Hey guys, I’m following the steps described here: https://huggingface.co/transformers/custom_datasets.html#token-classification-with-w-nut-emerging-entities and fine-tune with native tensorflow ( see https://huggingface.co/transformers/custom_datasets.html#ft-native) .
During training I’d like to add a metric to see how the model is performing. Currently I have added SparseCategoricalAccuracy but it gets stuck at an accuracy of around 0.2. I can have the Distilbertlayer trainable True or False, it doesn’t make a difference.
What can I do now? What metric would you suggest and what performance can I expect?
Also, do you recommend to set all layer to trainable or only the final Dense layer?
I’d like to add a question
After playing around a little it turns out that the model is predicting the majority class “O” all the time. Any best practice to handle class imbalance? I removed the samples with only few occurences of entities from the dataset but is not enough the solve the problem.

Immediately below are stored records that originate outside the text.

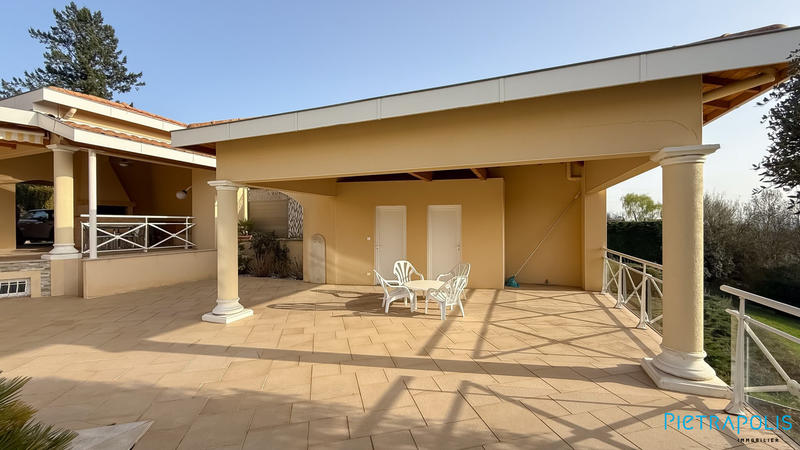 Maison contemporaine - 280 m² - 8 pièces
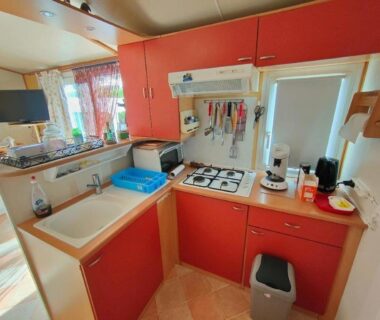 Cuisine équipée dans le mobil home 6 personnes climatisation Sainte Croix du Verdon Gorges du Verdon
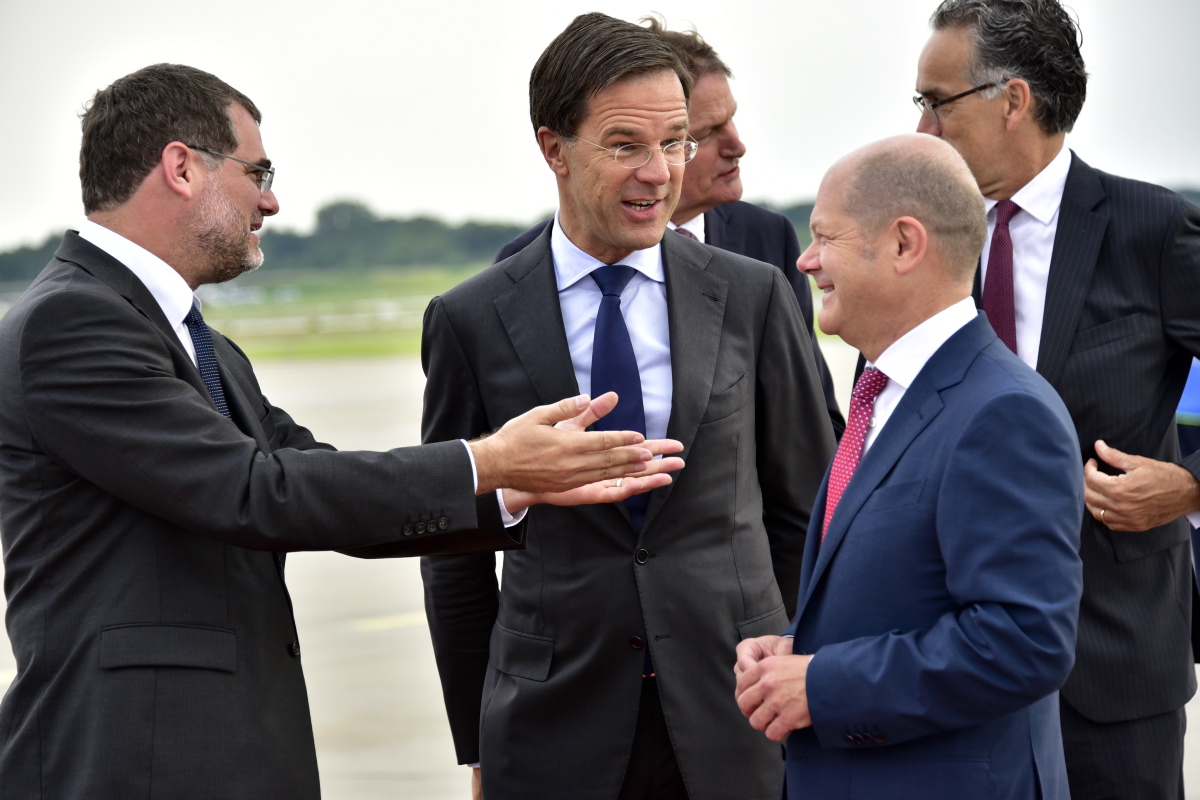 Der niederländische Ministerpräsident Mark Rutte wird bei der Ankunft am Hamburger Flughafen begrüßt.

I also tried to tackle the imbalance with setting some of the “O” tags to -100 to achieve a more balanced dataset. Similar to what’s going on with the sub-tokens. This helps a bit but performance is still low.
Additionally, after mapping all entities to a single class I called “Entity” I saw F1 scores around 70%. Though the task is very simplified now.
Would be interesting to know if such a (poor) performance is expected.